Eine Beobachtung, die Günter Schankola heftig nickend bestätigt. „Mir persönlich ist es nicht wichtig, auf welchem Platz in der Bestenliste ich stehe, aber dass ich dank der Teilnahme an diesem Projekt jetzt verstärkten Kontakt zu den anderen Mitspielern bekommen habe, freut mich ganz besonders. Ich fühle mich jetzt viel besser eingebunden in meine neue Umgebung", sagt der 72-Jährige, der seit knapp zwei Jahren im Johanna-Kirchner-Haus lebt.

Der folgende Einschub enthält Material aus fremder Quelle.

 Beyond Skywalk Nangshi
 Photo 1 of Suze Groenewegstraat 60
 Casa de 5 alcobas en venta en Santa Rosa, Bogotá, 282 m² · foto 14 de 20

Neben diesem sozialen Aspekt wird sich die Nutzung der Spielkonsole – so die Hoffnung – auch positiv auf altersbedingte Erkrankungen wie Demenz und Parkinson auswirken und das Risiko von Stürzen mindern. „Nach einem Jahr werden wir mehr dazu wissen. Wir sind schon sehr gespannt auf die Ergebnisse", sagt Boris Wolff, Landespressesprecher der Barmer. Aus den Reihen der Teilnehmer gibt es sogar schon erste Verbesserungsvorschläge: „Ich finde das Tanzen per ‚memoreBox‘ zwar schön, aber anstrengend. Nicht nur wegen der Bewegung, sondern auch wegen der Musik. Da könnte ruhig mal etwas Modernes kommen", gesteht Arno Müller. Der 71-Jährige sitzt wegen Herzproblemen im Rollstuhl und zwinkert: „Peter Maffay, das wäre doch mal was."